---------- Information given ----------
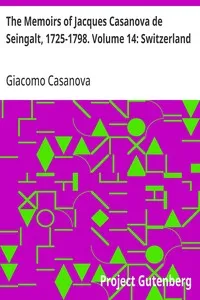 The Memoirs of Jacques Casanova de Seingalt, 1725-1798. Volume 14: Switzerland — Giacomo Casanova cover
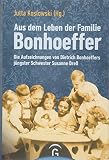 Aus dem Leben der Familie Bonhoeffer: Die Aufzeichnungen von Dietrich Bonhoeffers jüngster Schwester Susanne Dreß - Herausgeber: Jutta Koslowski 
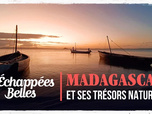 Échappées belles - Madagascar et ses trésors naturels
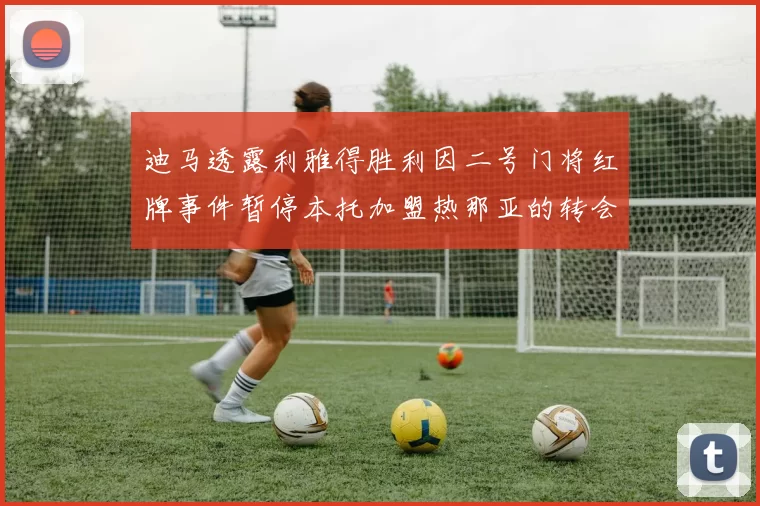 迪马透露利雅得胜利因二号门将红牌事件暂停本托加盟热那亚的转会事宜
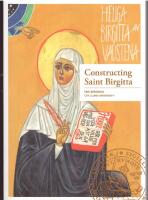 Constructing Saint Birgitta. Birgittine preaching and the cult of Saint Birgitta in Vadstena Abbey, 1397-c. 1510. 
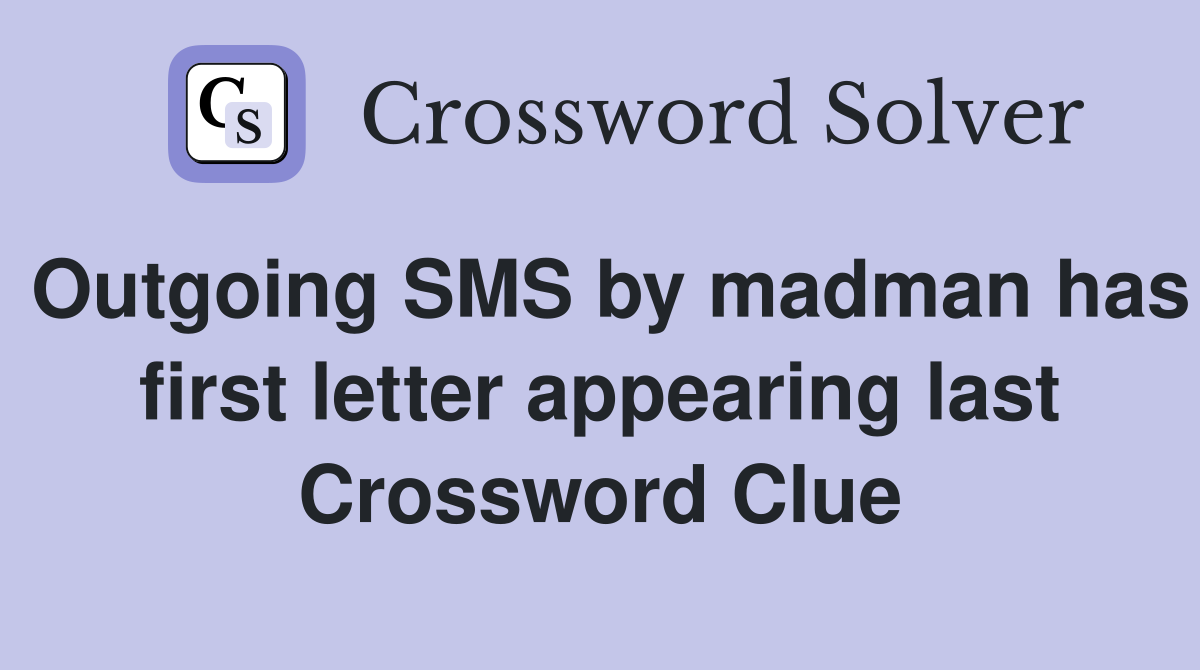 Outgoing SMS by madman has first letter appearing last Crossword Clue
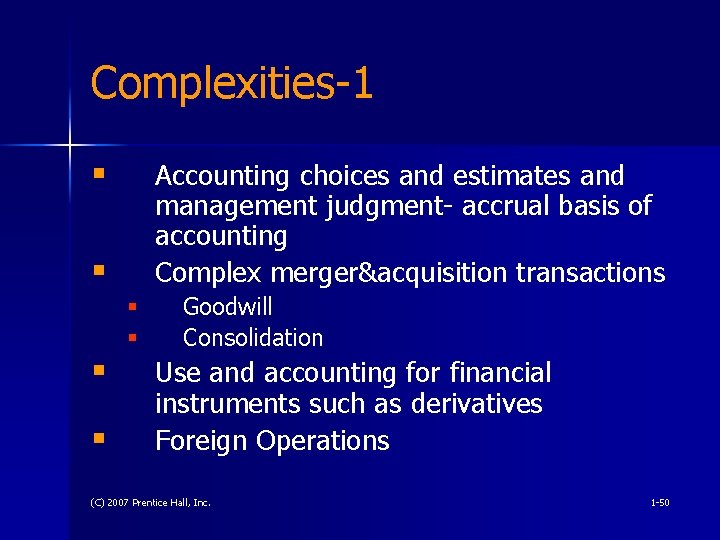 Complexities-1 § Accounting choices and estimates and management judgment- accrual basis of accounting Complex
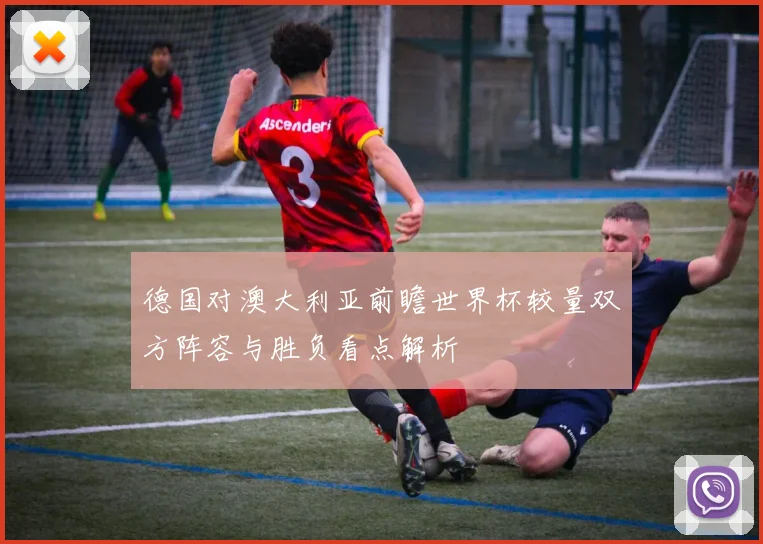 德国对澳大利亚前瞻世界杯较量双方阵容与胜负看点解析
----------
Exercise requirements:
Leaving out every picture, repeat exactly the lines of the records from the start through the line that has "Outgoing SMS by".

Problem solution:
 The Memoirs of Jacques Casanova de Seingalt, 1725-1798. Volume 14: Switzerland — Giacomo Casanova cover
 Aus dem Leben der Familie Bonhoeffer: Die Aufzeichnungen von Dietrich Bonhoeffers jüngster Schwester Susanne Dreß - Herausgeber: Jutta Koslowski 
 Échappées belles - Madagascar et ses trésors naturels
 迪马透露利雅得胜利因二号门将红牌事件暂停本托加盟热那亚的转会事宜
 Constructing Saint Birgitta. Birgittine preaching and the cult of Saint Birgitta in Vadstena Abbey, 1397-c. 1510. 
 Outgoing SMS by madman has first letter appearing last Crossword Clue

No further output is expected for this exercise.